HLAA recently filed comments with the FCC regarding HAC wireless phones. We were joined in this filing by the Telecommunications for the Deaf and Hard of Hearing (TDI) and the National Association of the Deaf (NAD). Together we make it clear that our goal has remained unchanged: we want to see 100 percent of wireless handsets built to be hearing aid compatible. We also want this accomplished while still being committed to working with the wireless industry to ensure the path forward works for both consumers with hearing loss and the industry. Read our comments.
On November 19, 2015, during their Open Meeting, the FCC will consider rules that would strengthen accessibility by Americans with hearing loss to emerging and future technologies and services by expanding the scope of our hearing aid compatibility requirements to all forms of voice communication. If adopted, this action would cover emerging technologies such as Wi-Fi calling and VoLTE (Voice over Long-Term Evolution) as well as those that might develop in the future.
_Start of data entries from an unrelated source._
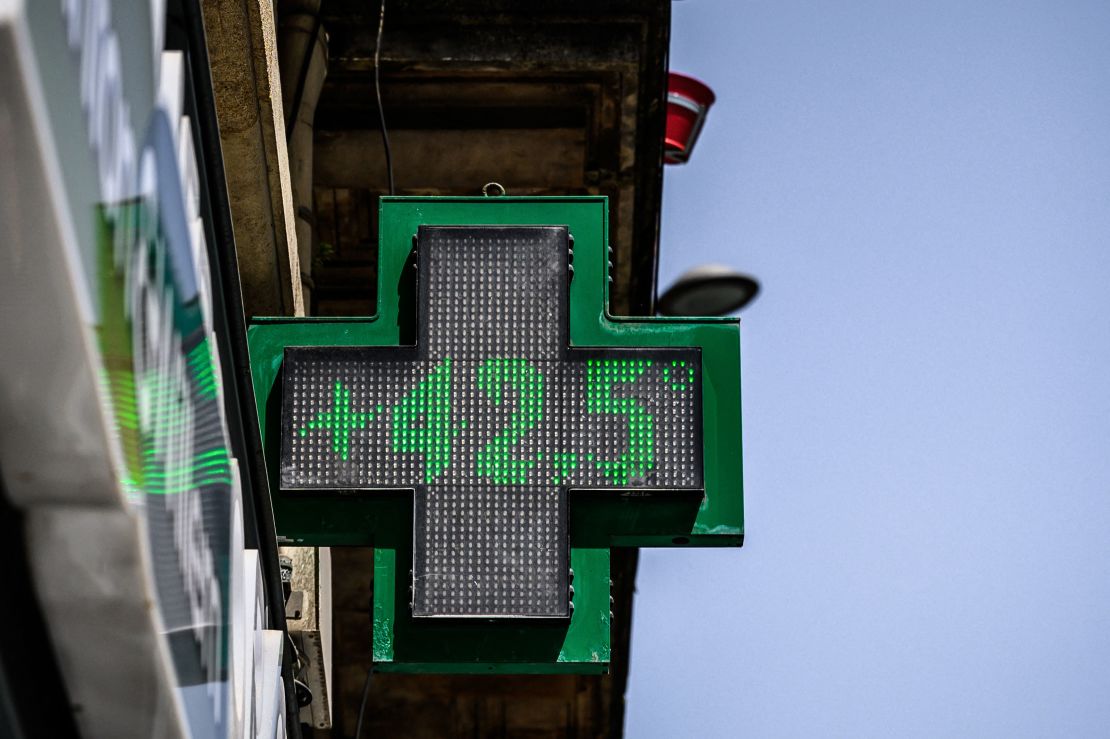 This photograph taken on June 17 shows a pharmacy sign displaying the temperature of 42.5 degrees Celsius in Bordeaux, south-western France. 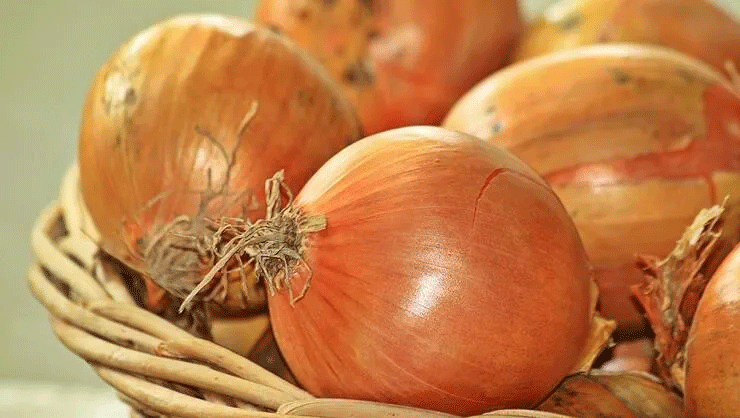 Ticaret Bakanlığı'ndan Kuru Soğan Fiyatlarına Kritik Düzenleme! İşte Yeni Vergi Oranı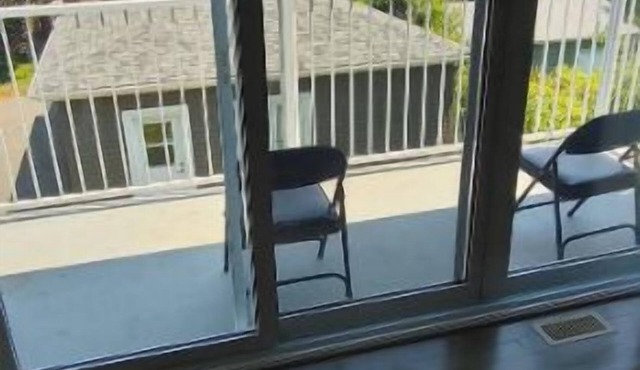 Lovely 2 Bedroom Apt in Orleans w/Free Parking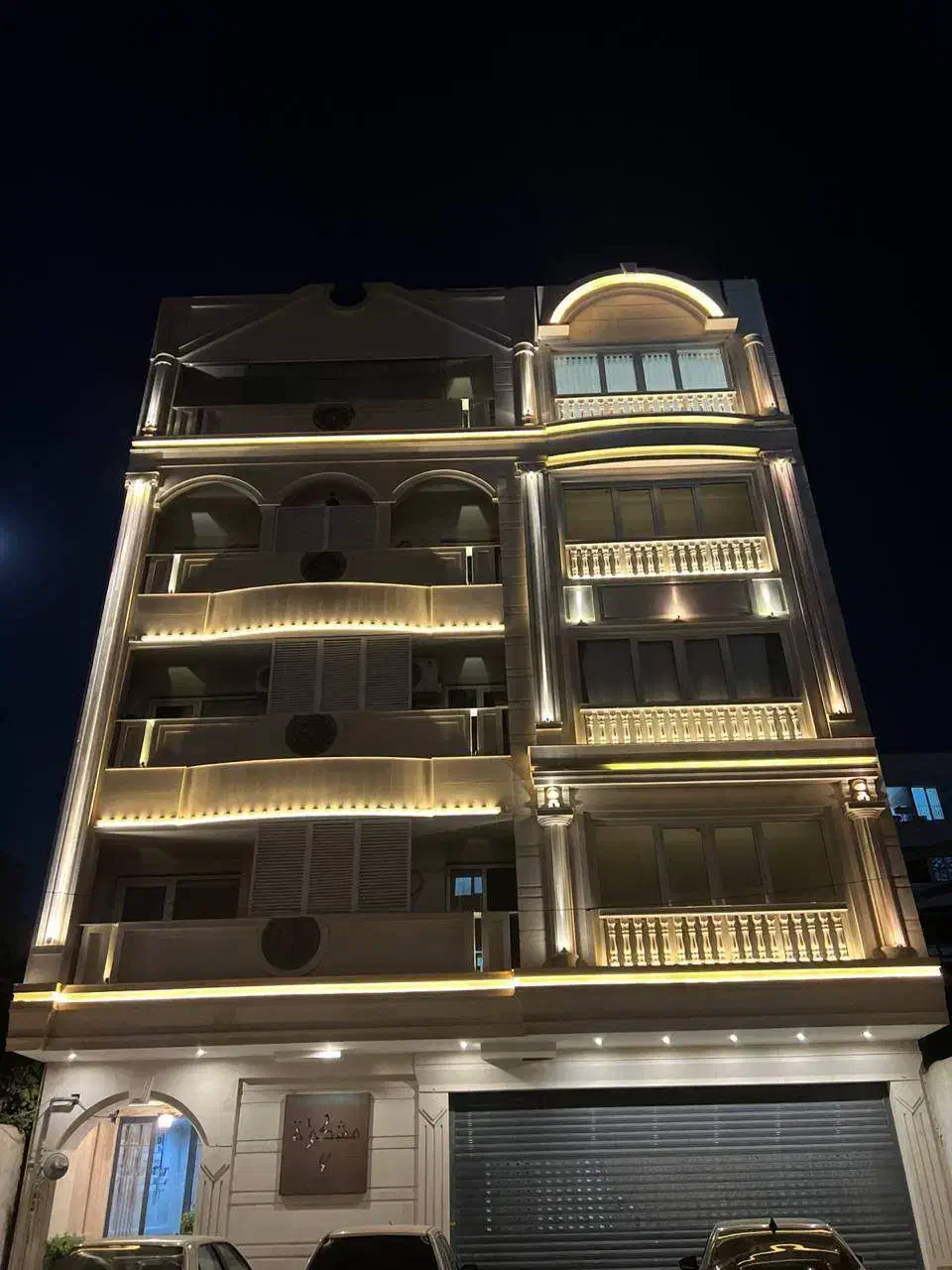 فروش واحد ۱۴۲متری کلید نخورده صنعتگر شمالی|فروش آپارتمان|شیراز, ریشمک|دیوار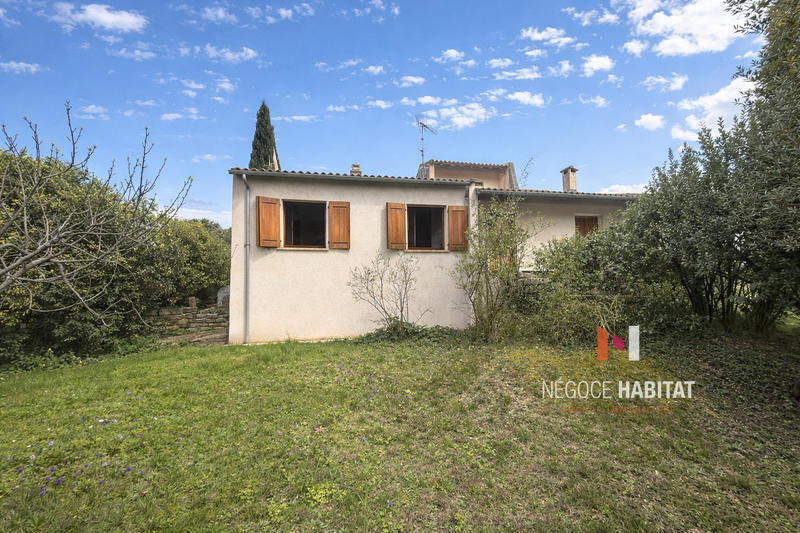 Maison - 98 m² - 5 pièces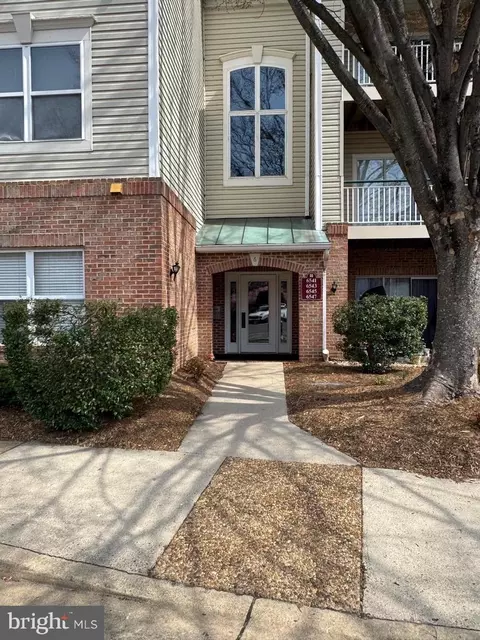 6547 Grange Ln #404, Alexandria, VA 22315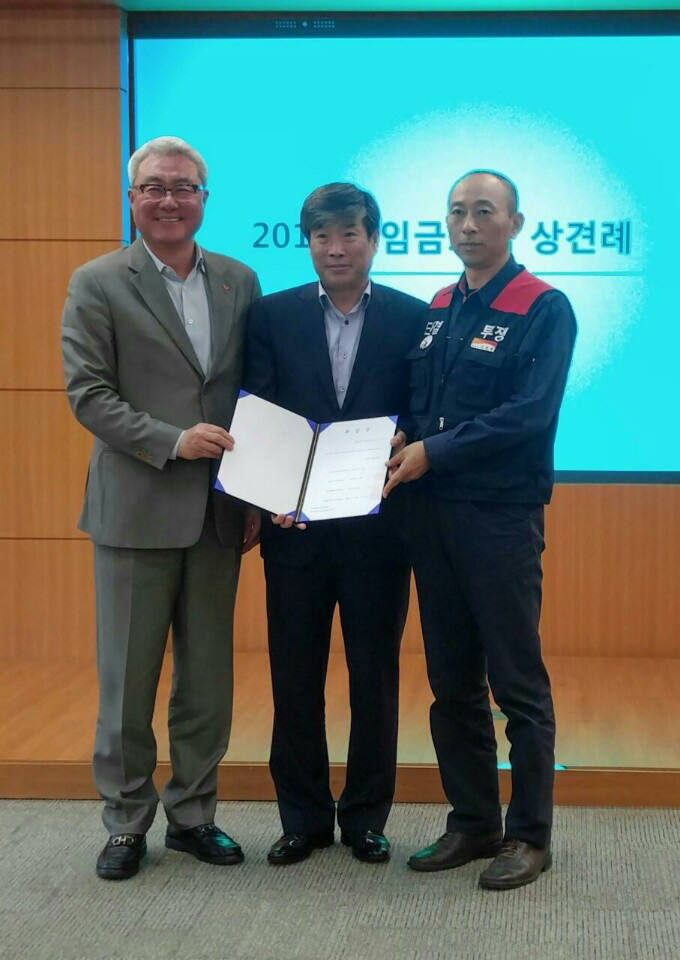 지난 4월 28일 서울 서린동 SK빌딩 본사에서 열린 2017년 임단협 상견례 모습. 김준 SK이노베이션 사장(왼쪽부터), 이양수 SK에너지 울산CLX 총괄, 이정묵 SK이노베이션 노동조합 위원장.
In addition to these rules, the FCC will lay the groundwork for future improvements by calling on stakeholders to work collaboratively to develop a consensus plan for dramatically expanding the kinds of devices that Americans with hearing loss can use. If there is a better way to consider and implement accessibility at the front end of the handset-design process, millions of Americans with hearing loss will benefit. The draft item makes clear that a consensus solution is the preferred path forward, but the FCC will also seek comments on whether there are other steps it might take to ensure 100 percent of handsets are hearing aid compatible at the same time as promoting innovation and investment.